Chaque fois que je couvre des manifestations, surtout depuis l'an dernier, j'ai le même sentiment que ces gens ont besoin les uns des autres. Pour le rush, pour avoir une bonne raison de faire ce qu'ils font. D'un côté, hurler et exprimer violemment leur colère. De l'autre, imposer l'ordre par la force, avec tout le panache normalement confiné au cinéma et qui peut, là, être exprimé pour vrai, en long et en large.

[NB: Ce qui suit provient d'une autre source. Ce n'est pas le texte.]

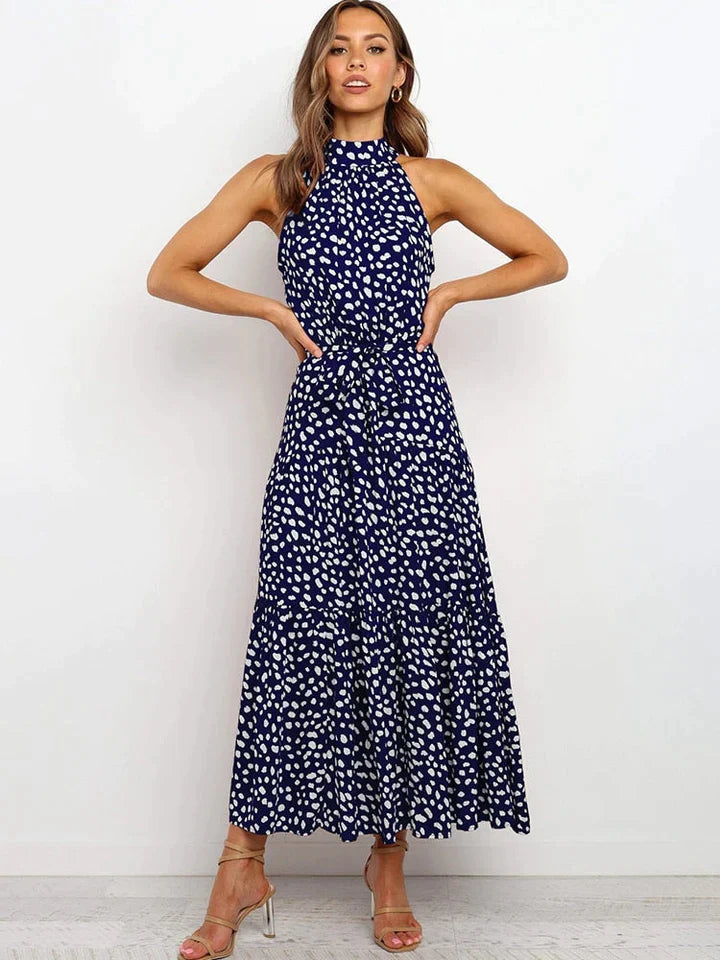 Strandjurk dames: lichte stippenprint halterjurk. Comfortabele slimfit voor een relaxte zomerdag.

Encore hier, entre les gyrophares allumés partout, les hordes de véhicules policiers traversant la ville en trombe, les paniers à salade, les vélos, les chevaux, la manif est rapidement devenue un déploiement spectaculaire d'arsenaux. On s'y serait cru sur une sorte de plateau de théâtre.
D'ailleurs, tout le long du parcours, à cette manif comme aux autres, les badauds filmaient, photographiaient, observaient et commentaient la scène.
Très étrange.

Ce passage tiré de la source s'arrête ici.